It’s coming…wait for it
December 19, 2011
In a few short days, Winter arrives! This is my season. This is my time.
As a child of Southern California, I never knew anything about winter until one year when the boy I loved at that time drove us up Mt. Palomar and into the heart of winter. Cars were stalled and stuck all along the highway, and the chains my boyfriend had in the back of his Ford Pinto Wagon were too large for the vehicle’s small wheels.
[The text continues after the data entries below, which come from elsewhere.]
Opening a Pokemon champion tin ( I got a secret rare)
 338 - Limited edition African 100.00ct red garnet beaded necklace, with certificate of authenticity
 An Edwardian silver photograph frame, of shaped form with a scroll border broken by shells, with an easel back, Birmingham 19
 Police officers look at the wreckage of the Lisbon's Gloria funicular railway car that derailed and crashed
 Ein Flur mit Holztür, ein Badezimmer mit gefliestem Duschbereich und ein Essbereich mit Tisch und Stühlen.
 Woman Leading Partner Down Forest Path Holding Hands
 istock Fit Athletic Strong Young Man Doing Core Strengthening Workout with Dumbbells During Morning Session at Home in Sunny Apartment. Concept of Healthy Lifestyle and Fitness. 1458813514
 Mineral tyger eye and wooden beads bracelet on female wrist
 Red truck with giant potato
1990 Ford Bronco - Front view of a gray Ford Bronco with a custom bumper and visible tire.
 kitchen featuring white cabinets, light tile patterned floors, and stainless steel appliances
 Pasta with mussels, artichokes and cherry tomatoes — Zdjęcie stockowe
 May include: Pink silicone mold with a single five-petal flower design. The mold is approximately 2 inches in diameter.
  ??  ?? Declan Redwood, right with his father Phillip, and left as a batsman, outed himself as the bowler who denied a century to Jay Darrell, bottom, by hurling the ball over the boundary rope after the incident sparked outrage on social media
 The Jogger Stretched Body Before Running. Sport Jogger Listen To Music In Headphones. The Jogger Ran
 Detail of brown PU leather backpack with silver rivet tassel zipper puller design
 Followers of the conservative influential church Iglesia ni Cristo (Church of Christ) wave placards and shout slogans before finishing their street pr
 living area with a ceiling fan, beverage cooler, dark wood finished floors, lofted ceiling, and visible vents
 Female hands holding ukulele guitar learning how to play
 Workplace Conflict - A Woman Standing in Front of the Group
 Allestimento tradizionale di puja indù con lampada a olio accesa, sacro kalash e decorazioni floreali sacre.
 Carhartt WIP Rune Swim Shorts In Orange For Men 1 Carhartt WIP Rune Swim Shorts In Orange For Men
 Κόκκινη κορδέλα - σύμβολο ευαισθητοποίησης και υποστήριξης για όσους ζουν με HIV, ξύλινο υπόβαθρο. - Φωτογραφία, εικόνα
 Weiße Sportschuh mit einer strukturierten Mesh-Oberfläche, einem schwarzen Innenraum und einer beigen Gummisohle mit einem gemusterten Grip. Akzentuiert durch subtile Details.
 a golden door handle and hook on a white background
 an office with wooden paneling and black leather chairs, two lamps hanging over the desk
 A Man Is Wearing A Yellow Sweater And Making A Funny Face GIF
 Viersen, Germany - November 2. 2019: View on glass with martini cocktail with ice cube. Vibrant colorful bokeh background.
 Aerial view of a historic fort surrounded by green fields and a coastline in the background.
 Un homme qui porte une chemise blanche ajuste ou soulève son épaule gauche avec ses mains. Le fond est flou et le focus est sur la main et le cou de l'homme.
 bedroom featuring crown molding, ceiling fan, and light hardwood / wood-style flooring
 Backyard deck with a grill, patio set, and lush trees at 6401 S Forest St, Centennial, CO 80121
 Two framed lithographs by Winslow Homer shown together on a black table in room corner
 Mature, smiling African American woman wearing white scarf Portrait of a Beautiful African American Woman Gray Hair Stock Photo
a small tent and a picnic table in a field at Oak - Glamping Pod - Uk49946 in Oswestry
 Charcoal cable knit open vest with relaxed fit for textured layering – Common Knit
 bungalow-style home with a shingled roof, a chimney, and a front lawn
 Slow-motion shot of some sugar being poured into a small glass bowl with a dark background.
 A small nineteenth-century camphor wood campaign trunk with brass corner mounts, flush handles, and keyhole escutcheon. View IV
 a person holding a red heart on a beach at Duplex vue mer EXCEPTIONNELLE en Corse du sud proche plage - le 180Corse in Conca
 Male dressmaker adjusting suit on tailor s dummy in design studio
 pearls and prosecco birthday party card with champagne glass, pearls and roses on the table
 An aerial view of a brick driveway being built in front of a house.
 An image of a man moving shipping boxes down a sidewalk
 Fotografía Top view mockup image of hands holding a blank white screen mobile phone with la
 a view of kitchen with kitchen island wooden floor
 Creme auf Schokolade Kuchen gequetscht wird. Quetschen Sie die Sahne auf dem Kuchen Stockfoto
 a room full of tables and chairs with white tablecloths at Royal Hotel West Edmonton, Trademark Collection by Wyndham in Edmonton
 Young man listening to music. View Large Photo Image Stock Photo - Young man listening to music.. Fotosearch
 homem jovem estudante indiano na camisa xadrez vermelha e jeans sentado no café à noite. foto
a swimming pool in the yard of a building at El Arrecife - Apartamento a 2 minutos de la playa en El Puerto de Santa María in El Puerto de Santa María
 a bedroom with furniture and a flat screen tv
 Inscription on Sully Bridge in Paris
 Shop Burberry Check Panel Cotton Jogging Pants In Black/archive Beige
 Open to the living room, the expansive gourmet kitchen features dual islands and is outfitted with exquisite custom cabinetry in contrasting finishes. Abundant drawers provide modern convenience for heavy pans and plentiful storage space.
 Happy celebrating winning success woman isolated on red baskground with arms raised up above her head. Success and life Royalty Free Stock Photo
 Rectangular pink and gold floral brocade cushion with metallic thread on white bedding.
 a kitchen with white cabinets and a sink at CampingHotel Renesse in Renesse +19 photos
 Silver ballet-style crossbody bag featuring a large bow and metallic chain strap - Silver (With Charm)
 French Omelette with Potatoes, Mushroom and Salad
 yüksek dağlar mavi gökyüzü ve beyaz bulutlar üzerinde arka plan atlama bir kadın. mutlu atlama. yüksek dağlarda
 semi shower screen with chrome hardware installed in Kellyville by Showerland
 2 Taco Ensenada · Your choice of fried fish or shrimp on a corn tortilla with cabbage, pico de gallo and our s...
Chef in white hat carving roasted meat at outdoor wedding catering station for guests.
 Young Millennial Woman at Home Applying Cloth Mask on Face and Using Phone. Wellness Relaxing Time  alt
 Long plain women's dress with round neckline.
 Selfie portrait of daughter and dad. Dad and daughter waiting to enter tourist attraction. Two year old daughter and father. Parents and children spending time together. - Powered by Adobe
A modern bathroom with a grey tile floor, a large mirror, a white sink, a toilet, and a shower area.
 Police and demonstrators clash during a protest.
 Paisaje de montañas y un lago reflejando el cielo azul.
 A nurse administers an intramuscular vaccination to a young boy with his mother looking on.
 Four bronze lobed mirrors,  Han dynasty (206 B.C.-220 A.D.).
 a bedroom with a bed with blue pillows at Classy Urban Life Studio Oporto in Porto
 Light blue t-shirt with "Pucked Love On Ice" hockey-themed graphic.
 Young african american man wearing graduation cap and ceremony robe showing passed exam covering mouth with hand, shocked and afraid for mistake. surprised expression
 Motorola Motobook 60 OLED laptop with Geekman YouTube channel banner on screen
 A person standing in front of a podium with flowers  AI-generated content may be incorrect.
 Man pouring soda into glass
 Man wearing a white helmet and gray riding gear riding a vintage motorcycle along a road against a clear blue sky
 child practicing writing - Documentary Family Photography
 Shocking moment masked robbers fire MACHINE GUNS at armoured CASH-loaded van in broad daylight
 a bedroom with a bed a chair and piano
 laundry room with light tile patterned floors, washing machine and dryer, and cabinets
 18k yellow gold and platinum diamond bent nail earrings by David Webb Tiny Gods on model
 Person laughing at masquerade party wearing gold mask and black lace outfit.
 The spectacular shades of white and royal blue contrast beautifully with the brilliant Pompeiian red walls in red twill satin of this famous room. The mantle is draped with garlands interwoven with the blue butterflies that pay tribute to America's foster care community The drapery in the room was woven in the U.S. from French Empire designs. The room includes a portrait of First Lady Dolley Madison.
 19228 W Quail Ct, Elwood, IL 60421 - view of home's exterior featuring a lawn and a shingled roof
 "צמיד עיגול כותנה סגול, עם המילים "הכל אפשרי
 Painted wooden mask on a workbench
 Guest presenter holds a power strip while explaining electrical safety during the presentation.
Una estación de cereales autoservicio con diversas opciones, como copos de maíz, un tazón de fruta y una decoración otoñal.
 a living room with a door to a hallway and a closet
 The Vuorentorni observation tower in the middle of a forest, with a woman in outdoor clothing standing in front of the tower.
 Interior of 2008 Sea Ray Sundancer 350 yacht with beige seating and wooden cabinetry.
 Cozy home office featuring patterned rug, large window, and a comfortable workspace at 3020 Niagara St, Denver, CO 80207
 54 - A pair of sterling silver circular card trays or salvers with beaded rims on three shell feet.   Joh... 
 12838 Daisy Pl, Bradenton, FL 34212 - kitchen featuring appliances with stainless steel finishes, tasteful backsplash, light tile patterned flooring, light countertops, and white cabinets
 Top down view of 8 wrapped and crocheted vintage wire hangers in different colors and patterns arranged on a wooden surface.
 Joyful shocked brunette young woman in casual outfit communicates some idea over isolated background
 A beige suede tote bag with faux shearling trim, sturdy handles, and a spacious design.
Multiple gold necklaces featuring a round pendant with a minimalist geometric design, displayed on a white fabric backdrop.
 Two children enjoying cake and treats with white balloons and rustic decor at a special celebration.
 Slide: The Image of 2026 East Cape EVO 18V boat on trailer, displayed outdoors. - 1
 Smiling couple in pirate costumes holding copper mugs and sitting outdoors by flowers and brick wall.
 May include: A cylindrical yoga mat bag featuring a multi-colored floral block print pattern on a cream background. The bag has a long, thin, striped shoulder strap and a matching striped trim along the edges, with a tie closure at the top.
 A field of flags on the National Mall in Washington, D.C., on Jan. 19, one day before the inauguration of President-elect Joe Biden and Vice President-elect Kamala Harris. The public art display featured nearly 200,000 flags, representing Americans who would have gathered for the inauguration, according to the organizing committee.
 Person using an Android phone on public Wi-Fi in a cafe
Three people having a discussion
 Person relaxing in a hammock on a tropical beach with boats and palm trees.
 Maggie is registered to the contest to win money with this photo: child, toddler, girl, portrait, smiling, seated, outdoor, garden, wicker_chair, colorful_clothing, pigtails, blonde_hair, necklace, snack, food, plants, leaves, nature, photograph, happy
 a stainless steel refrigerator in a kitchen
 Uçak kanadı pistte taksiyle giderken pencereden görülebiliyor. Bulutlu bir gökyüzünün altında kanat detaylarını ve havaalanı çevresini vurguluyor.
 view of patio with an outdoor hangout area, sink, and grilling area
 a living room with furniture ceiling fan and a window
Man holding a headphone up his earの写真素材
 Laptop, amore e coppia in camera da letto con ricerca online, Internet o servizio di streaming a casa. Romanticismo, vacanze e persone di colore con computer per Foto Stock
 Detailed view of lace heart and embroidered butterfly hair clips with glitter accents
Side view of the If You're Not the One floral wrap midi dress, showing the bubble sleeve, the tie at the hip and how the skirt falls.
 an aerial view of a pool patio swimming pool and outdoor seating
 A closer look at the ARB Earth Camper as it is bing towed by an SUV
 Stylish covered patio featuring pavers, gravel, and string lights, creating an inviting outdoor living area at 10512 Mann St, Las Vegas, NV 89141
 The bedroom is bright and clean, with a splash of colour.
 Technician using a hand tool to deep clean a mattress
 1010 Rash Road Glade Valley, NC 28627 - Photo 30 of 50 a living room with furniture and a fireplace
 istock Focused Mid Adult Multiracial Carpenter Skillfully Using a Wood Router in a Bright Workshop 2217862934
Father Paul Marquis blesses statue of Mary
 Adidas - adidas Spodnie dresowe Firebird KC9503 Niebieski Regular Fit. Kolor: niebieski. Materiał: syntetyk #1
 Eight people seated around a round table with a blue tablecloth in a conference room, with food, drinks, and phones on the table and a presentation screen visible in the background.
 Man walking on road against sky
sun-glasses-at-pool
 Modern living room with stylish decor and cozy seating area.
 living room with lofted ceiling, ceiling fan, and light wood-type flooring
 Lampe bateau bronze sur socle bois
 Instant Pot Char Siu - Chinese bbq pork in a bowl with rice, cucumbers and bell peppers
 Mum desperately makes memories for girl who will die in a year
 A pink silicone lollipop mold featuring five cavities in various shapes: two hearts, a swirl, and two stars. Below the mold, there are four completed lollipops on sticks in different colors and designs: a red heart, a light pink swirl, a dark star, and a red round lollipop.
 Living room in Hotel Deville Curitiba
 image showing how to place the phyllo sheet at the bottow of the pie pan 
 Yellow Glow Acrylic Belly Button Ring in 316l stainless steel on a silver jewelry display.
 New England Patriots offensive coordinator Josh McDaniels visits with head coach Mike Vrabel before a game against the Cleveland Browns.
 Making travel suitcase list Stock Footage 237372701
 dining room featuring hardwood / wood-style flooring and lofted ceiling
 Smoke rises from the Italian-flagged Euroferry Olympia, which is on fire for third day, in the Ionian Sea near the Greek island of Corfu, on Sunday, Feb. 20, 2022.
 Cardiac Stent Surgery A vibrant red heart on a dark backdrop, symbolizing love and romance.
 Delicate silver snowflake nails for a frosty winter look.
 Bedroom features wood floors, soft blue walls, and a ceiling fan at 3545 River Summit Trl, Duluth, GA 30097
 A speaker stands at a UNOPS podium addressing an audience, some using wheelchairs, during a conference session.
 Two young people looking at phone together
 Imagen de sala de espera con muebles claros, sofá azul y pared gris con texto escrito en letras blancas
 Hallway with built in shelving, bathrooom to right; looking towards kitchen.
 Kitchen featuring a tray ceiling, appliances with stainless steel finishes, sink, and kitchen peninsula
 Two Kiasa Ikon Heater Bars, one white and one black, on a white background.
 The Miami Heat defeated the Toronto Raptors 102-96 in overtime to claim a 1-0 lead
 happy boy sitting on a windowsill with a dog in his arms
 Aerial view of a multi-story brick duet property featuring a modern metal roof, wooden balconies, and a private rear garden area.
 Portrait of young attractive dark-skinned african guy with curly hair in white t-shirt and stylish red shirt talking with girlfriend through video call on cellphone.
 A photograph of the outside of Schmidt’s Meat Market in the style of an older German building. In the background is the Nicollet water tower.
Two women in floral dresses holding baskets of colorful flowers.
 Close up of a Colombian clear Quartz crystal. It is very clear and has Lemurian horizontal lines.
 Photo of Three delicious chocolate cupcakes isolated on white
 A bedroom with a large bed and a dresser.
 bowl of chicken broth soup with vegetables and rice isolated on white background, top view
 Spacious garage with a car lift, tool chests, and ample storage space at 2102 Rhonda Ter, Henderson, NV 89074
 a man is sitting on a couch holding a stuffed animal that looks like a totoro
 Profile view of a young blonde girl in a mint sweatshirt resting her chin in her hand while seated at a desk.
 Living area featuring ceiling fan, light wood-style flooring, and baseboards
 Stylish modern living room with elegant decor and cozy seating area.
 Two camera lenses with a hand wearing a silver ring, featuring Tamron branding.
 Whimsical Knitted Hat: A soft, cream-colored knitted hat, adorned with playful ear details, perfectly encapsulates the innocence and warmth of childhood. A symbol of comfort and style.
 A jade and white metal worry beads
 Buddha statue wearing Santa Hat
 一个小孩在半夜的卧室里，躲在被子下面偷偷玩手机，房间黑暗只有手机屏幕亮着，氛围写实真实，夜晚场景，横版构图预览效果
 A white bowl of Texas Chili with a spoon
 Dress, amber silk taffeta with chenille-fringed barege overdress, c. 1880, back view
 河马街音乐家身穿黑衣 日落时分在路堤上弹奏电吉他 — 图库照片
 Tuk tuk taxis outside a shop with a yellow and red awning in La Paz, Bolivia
Still, we stopped and helped push several stranded travelers out of the drifts, then descended the mountain to have hot chocolate at a tiny local cafe. I’ll never forget that evening. People stared at me. People always stare at me because, frankly, six foot women aren’t all that common even in Southern California. But I knew they were staring at me that night for a reason that had nothing to do with my height. They felt – as I did – my oneness with the season. Surround me with snow and ice, and I’m in my element. My inner fire glows.
There’s a blizzard warning on part of the Southern Plains tonight and, oh, how I wish it was headed my way.
Come Winter! Come snow and ice and chilling winds! I embrace thee, as you embrace me.
This is MY time.
The Season of the Witch
December 17, 2011
It’s a good time of year to be a witch. This is our time to shine, especially if you fall, as I do, into the category of “Crone”.
Most of our era’s religions and their resulting cultures discount women once we’re past the age of bearing children. Youth is everything. Youth is sexy and desirable, and women over 40 submit themselves to surgery, poisonous injections, cancer-causing tanning rays, and a hundred other devices in order to maintain the appearance of youth. Why? Seriously…WHY?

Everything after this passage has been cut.